Former soldier Lisa Smith is to remain in prison for membership of the terrorist group Islamic State, after a bid to overturn her 15-month sentence was rejected by the Court of Appeal.

Delivering the judgment of the three-judge court on Wednesday morning Mr Justice John Edwards said the judges of the Special Criminal Court who tried, convicted and sentenced Smith had shown "scrupulous fairness and appropriate regard to the evidence".


The court dismissed all grounds of appeal relating to the sentence. Following the judgment Ms Smith's lawyers indicated that they want to appeal her conviction as soon as possible. Her case will be mentioned again on March 24th.

With ordinary remission on her 15-month sentence and taking into account one month she spent in custody on her return to Ireland in 2019, the 41-year-old mother-of-one is due for release on May 27th.

First person convicted

Last year Smith became the first person to be convicted in an Irish court of an Islamic terrorist offence committed abroad when the three-judge, non-jury Special Criminal Court found that she joined Isis when she travelled to Syria in 2015. The 41-year-old from Dundalk, Co Louth had pleaded not guilty to membership of an unlawful terrorist group, Islamic State, between October 28th, 2015 and December 1st, 2019.

Sentencing her to 15 months in prison, Mr Justice Tony Hunt noted that while Smith is a low risk for re-offending, she was persistent and determined in her efforts to travel to Syria and join Isis and has shown no remorse for her actions.


He said it was "serious" for an Irish citizen to take up allegiance with a terrorist organisation and persist with it.

He added that "she may have been easily led by circumstances and other people" but she had also shown resilience and determination to join and remain with Isis "to the bitter end".

She had rejected her family and one of her husbands, who refused to swear allegiance to Isis, and had aligned herself with terrorists such as John Georgelas, an American Isis fighter and propagandist who was killed during fighting in Syria. He said that a custodial sentence was necessary to mark the seriousness of the offence and to deter others from offering support to dangerous organisations.


During garda interviews, Smith accepted that she travelled to Isis-controlled Syria in 2015 but denied that she had ever joined Isis or any other group. She said she believed she had a religious obligation to live inside the Islamic State created by terrorist leader Abu Bakr al-Baghdadi. Mr Justice Hunt, delivering the court's verdict, said that she went to Syria with her "eyes wide open" having watched videos of Isis atrocities and having taken part in online discussions about Isis with jihadis from Germany, Australia, America and parts of the Middle East.
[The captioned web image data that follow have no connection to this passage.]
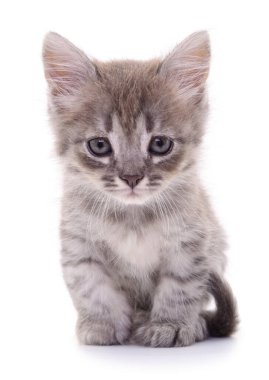 Beyaz arka planda izole edilmiş küçük gri kedi yavrusu.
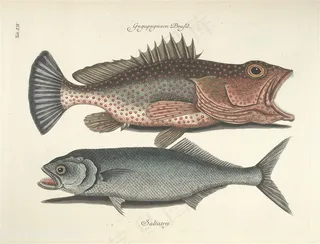 唯美水彩高清鱼插画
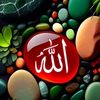 noorzia.azami2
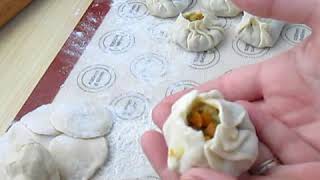 Raviolis chinois à la vapeur et grillés عجائن صينية مطبوخة على البخار بحشوة الخضار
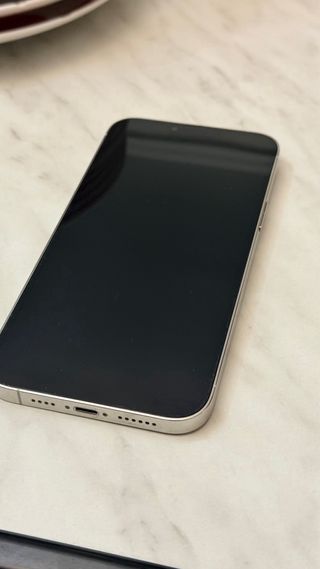 iPhone 13 Pro Max 1TB Plata en perfecto estado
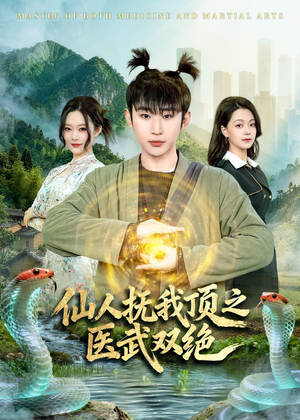 仙人抚我顶之医武双绝（66集）全集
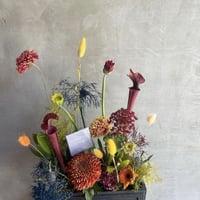 Original fantasy arrangement  S (DRY&FRESH)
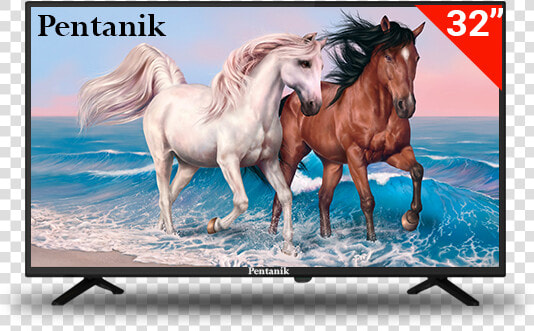 Pentanik Basic 32 Inch Led Tv   Horses On The Beach Painting  HD Png DownloadTransparent PNG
Appealing the sentence last October, Michael O'Higgins SC, for Smith, told the three-judge court that his client went to ISIS-controlled Syria "got married, kept house and that's it." He said she went out of a religious conviction, "did not contribute to any state-building exercise and did no positive act in favour of Isis."

He added: "There is nothing [in the evidence] beyond that she kept house for a man who did not even regard her as a person."

Mr O'Higgins said that the Special Criminal Court, which convicted and sentenced Smith, did not give enough regard to the mitigating factors, including that Smith is a mother of a young child. He said that the court had incorrectly placed her offending at the higher end of the lower level for membership of a terrorist organisation. Her offending and involvement with Isis, Mr O'Higgins said, could not have been at a lower level than it was.

Detention camps

Mr O'Higgins also said that in sentencing, the Special Criminal Court should have taken into account the nine-and-a-half months Smith spent in two detention camps in Syria. He said the conditions in those camps were appalling; she was locked up "day and night" in a place where people held extreme views and where murder "routinely happens".


The camp was policed by "women who are vicious, looking out for anything that indicates dissidence," he said. Despite the risks to her, Smith spoke out against Isis when Professor Anne Speckhard, an expert in violent extremism, came looking to interview those in the camps. The interview she gave was broadcast with Smith's face pixelated but Smith agreed to have the pixelation removed once she had returned to Ireland. Mr O'Higgins said the court also failed to adequately consider the report written by Professor Speckhard who said that Smith had sincerely denounced Isis and did not support Isis atrocities.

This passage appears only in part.